Jocelyn was educated at Harrow. A lieutenant colonel in the Scots Guards, Jocelyn served in the Crimean War, being present at the battles of Alma, Balaclava, and Inkerman. He later commanded the 2nd Jäger Corps, British German Legion. He received the French Legion of Honour and the Turkish Order of the Medjidie.[1] He held the office of Deputy Lieutenant of County Down.[2]

He sat in the House of Lords as Baron Clanbrassil, a title his father had obtained in 1821, from 1880 until his death, although he made no contributions there.[3] At his death the title of Baron Clanbrassil went extinct; the Roden earldom passed to his first cousin William Henry Jocelyn (1842 - 1910).

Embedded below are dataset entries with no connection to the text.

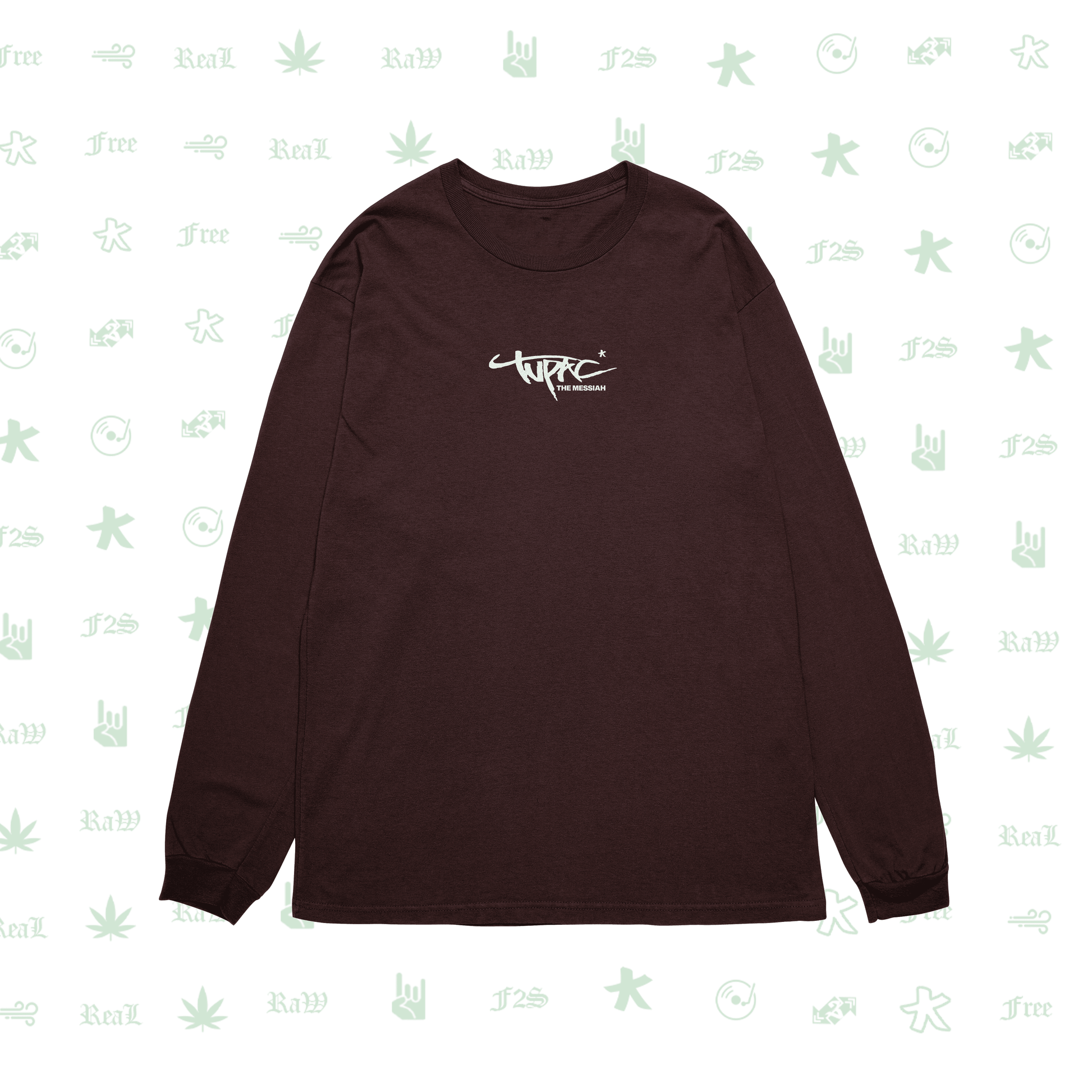 Tupac The Messiah Maroon Unisex Oversized Sweatshirt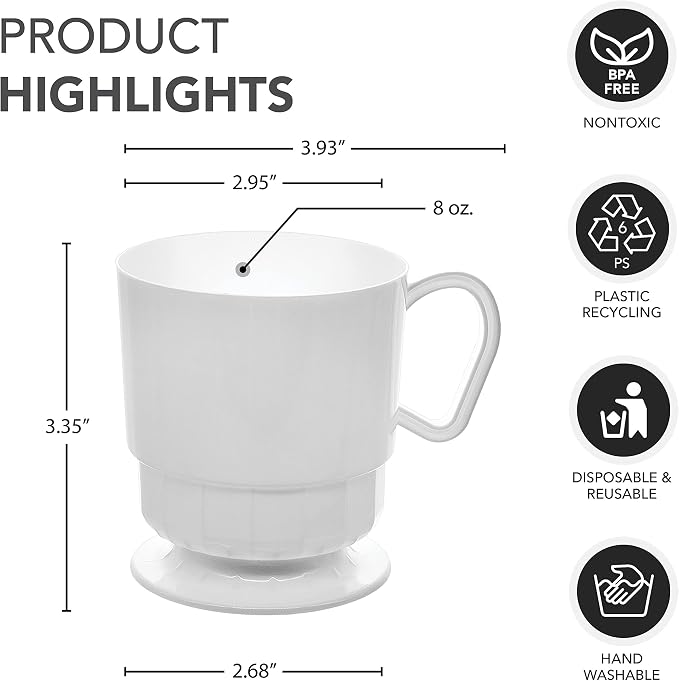 Party Essentials 8-Ounce Hard Plastic Coffee Cup/Tea Mug with Handle, 20-Count, Deluxe White (Pack of 2) - Image 2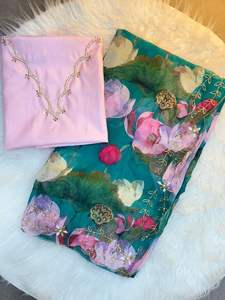 Sari Elástico Ecológico de Tela Organza con Estampado Floral Estilo Celebridad, con Blusa Cortada y Detalles Hechos a Mano para Adultos - Product Image 4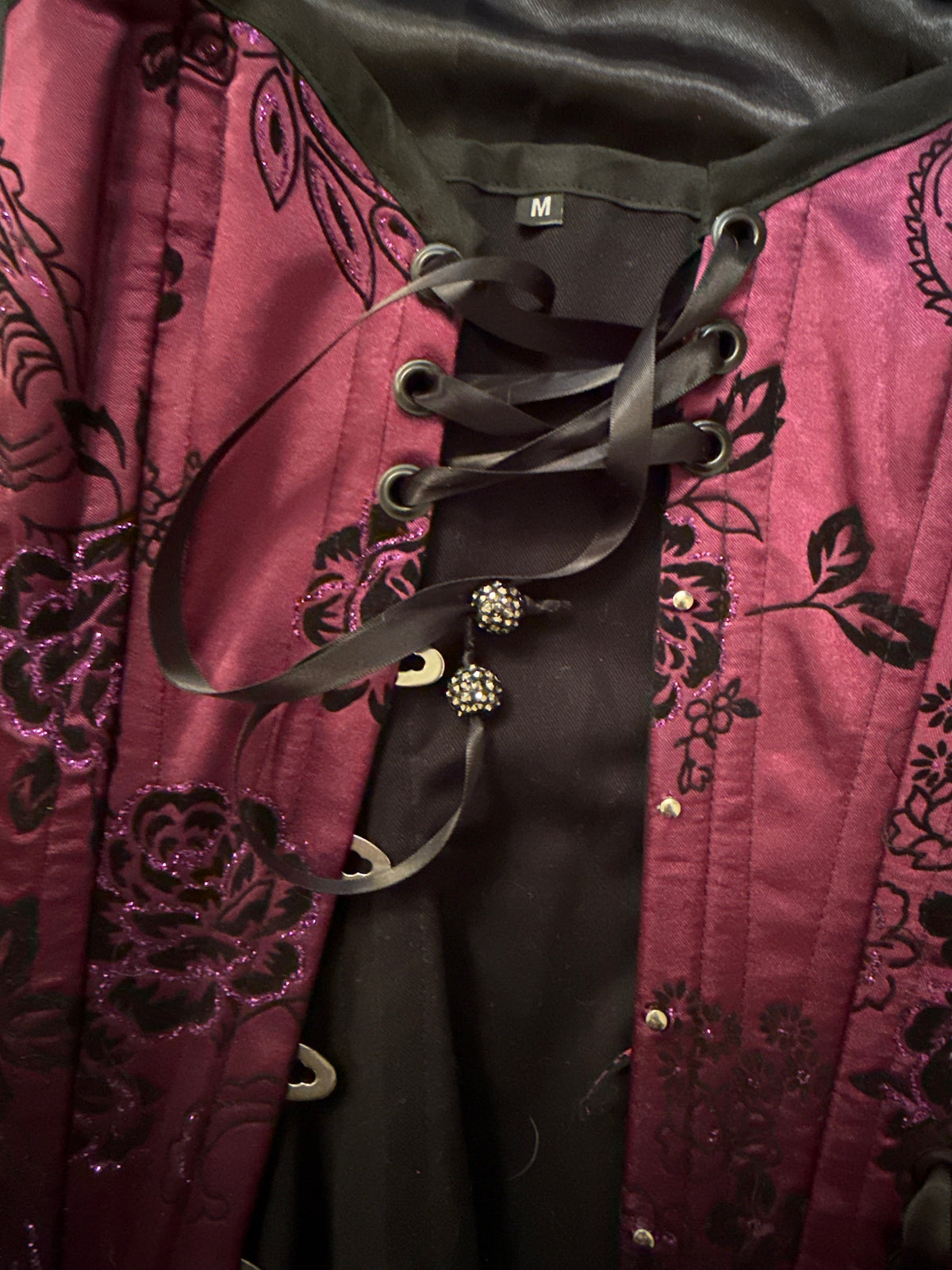Custom Laced, Hand Beaded, Purple Corset w/ Black Velvet Roses & Purple Glitter M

The Jocelyns were large landowners, principally in County Down and County Louth.

Jocelyn married Sophia Hobhouse (1832 - 1916) in 1851; they had one daughter, Violet Jocelyn (1858-1925). He is buried in Great St. Mary's church in Sawbridgeworth, Hertfordshire.

His daughter Violet married Reginald Proctor-Beauchamp (1853-1912) in 1880. They had two daughters. In 1896 her husband filed for divorce, naming Hugh Watt, a former Member of Parliament for Glasgow, as a co-respondent; the divorce was granted in 1901[4] and Proctor-Beauchamp was awarded ten thousand pounds in a suit against Watt for criminal conversation. Watt's wife also divorced him. After his wife refused for many years to finalize the divorce, Watt was convicted of plotting to murder her in 1905. He was released after a year amid public sentiment that the conviction was based on false testimony.[5] The divorce was finally completed and Violet married him after his release from prison in 1906.[6]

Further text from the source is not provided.